Sabtu, 18 Januari 2020

PEMUTUSAN HUBUNGAN KERJA


PEMUTUSAN HUBUNGAN KERJA

A.  Pengertian Pemutusan Hubungan Kerja
Pemutusan Hubungan Kerja (PHK) adalah pengakhiran hubungan kerja antara perusahaan dengan pekerja yang terjadi karena berbagai sebab. Undang-Undang No. 13 Tahun 2003 tentang Ketenagakerjaan memberikan pengertian PHK adalah pengakhiran hubungan kerja karena suatu hal tertentu yang mengakibatkan berakhirnya hak dan kewajiban antara buruh/pekerja dengan pengusaha. (Husni, 2003)
Sedangkan menurut Halim (1990: 136) bahwa Pemutusan Hubungan Kerja (PHK) adalah suatu langkah pengakhiran hubungan kerja antara buruh dan majikan karena suatu hal tertentu. Menurut Pasal 1 ayat 4 Keputusan Menteri Tenaga Kerja No. KEP-15A/MEN/1994, Pemutusan Hubungan Kerja (PHK) ialah pengakhiran hubungan kerja antara pengusaha dan pekerja berdasarkan izin Panitia Daerah atau Panitia Pusat.(Khakim,2003)
Dalam kondisi normal, pemutusan hubungan kerja akan menghasilkan sesuatu keadaan yang sangat membahagiakan. Setelah menjalankan tugas dan melakukan peran sesuai dengan tuntutan perusahaan, dan pengabdian kepada organisasi maka tiba saatnya seseorang untuk memperoleh penghargaan yang tinggi atas jerih payah dan usahanya tersebut. PHK sebagai manifestasi pensiun yang dilaksanakan pada kondisi tidak normal nampaknya masih merupakan ancaman yang mencemaskan karyawan. Dunia industri negara maju yang masih saja mencari upah buruh yang murah, senantiasa berusaha menempatkan investasinya di negara-negara yang lebih menjanjikan keuntungan yang besar, walaupun harus menutup dan merelokasi atau memindahkan pabriknya ke Negara lain.
Keadaan ini tentu saja berdampak PHK pada karyawan di negara yang ditinggalkan. Efisiensi yang diberlakukan oleh perusahaan pada dewasa ini, merupakan jawaban atas penambahan posisi-posisi yang tidak perlu di masa lalu, sehingga dilihat secara struktur organisasi, maka terjadi penggelembungan yang sangat besar. Ketika tuntutan efisiensi harus dipenuhi, maka restrukturisasi merupakan jawabannya. Di sini tentu saja terjadi pemangkasan posisi besar-besaran, sehingga PHK masih belum dapat dihindarkan. Ketika perekonomian dunia masih belum adil, dan program efisiensi yang dilakukan oleh para manajer terus digulirkan, maka PHK masih merupakan fenomena yang sangat mencemaskan, dan harus diantisipasi dengan penyediaan lapangan kerja dan pelatihan ketrampilan yang sesuai dengan kebutuhan masyarakat (mantan karyawan).

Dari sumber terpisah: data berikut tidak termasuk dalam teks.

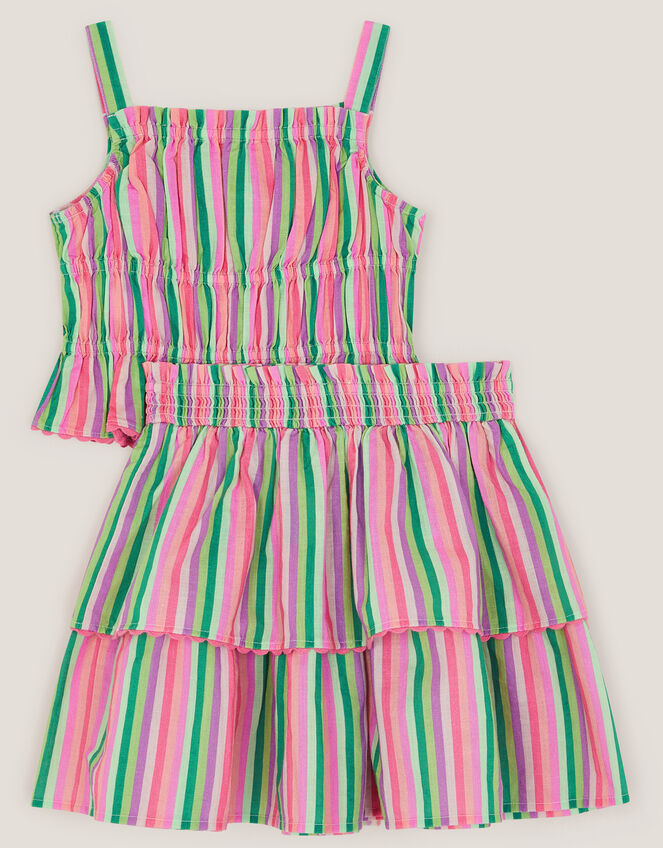 Stripe Top & Tiered Skirt Set, Green (GREEN), large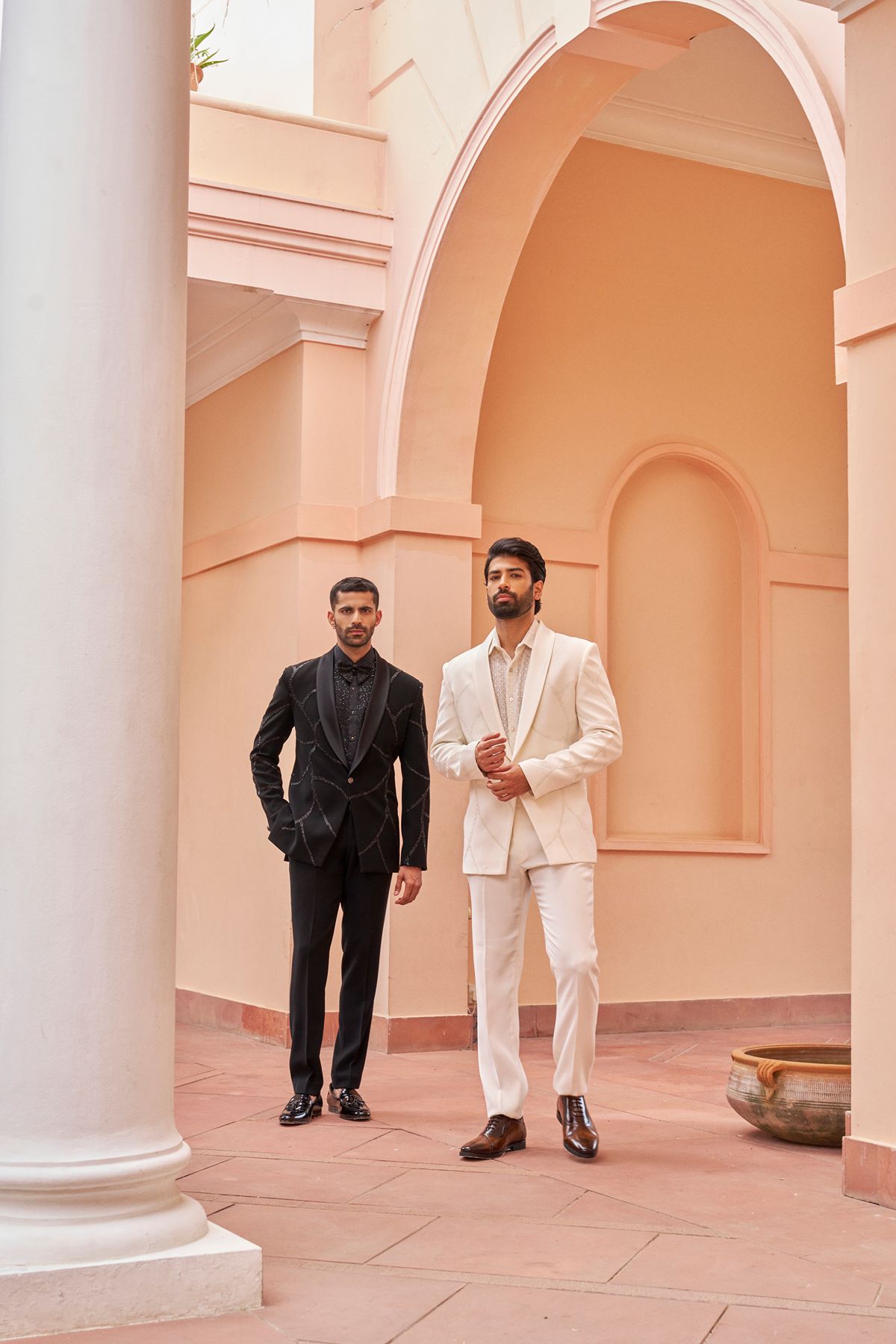 White Abstract Embroidery Tuxedo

B.  Arti dan Sebab – Sebab PHK
Pemutusan Hubungan Kerja (PHK) adalah pengakhiran hubungan kerja karena suatu hal tertentu yang mengakibatkan berakhirnya hak dan kewajiban antara pekerja dan perusahaan/majikan. Hal ini dapat terjadi karena pengunduran diri, pemberhentian oleh perusahaan atau habis kontrak.
Penyebab hubungan kerja dapat berakhir
Menurut pasal 61 Undang – Undang No. 13 tahun 2003 mengenai tenaga kerja, perjanjian kerja dapat berakhir apabila :
1.      pekerja meninggal dunia
2.      jangka waktu kontak kerja telah berakhir
3.      adanya putusan pengadilan atau penetapan lembaga penyelesaian perselisihan hubungan industrial yang telah mempunyai kekuatan hukum tetap
4.      adanya keadaan atau kejadian tertentu yang dicantumkan dalam perjanjian kerja, peraturan perusahaan, atau perjanjian kerja bersama yang dapat menyebabkan berakhirnya hubungan kerja.
Jadi, pihak yang mengakhiri perjanjian kerja sebelum jangka waktu yang ditentukan, wajib membayar ganti rugi kepada pihak lainnya sebesar upah pekerja/buruh sampai batas waktu berakhirnya jangka waktu perjanjian kerja.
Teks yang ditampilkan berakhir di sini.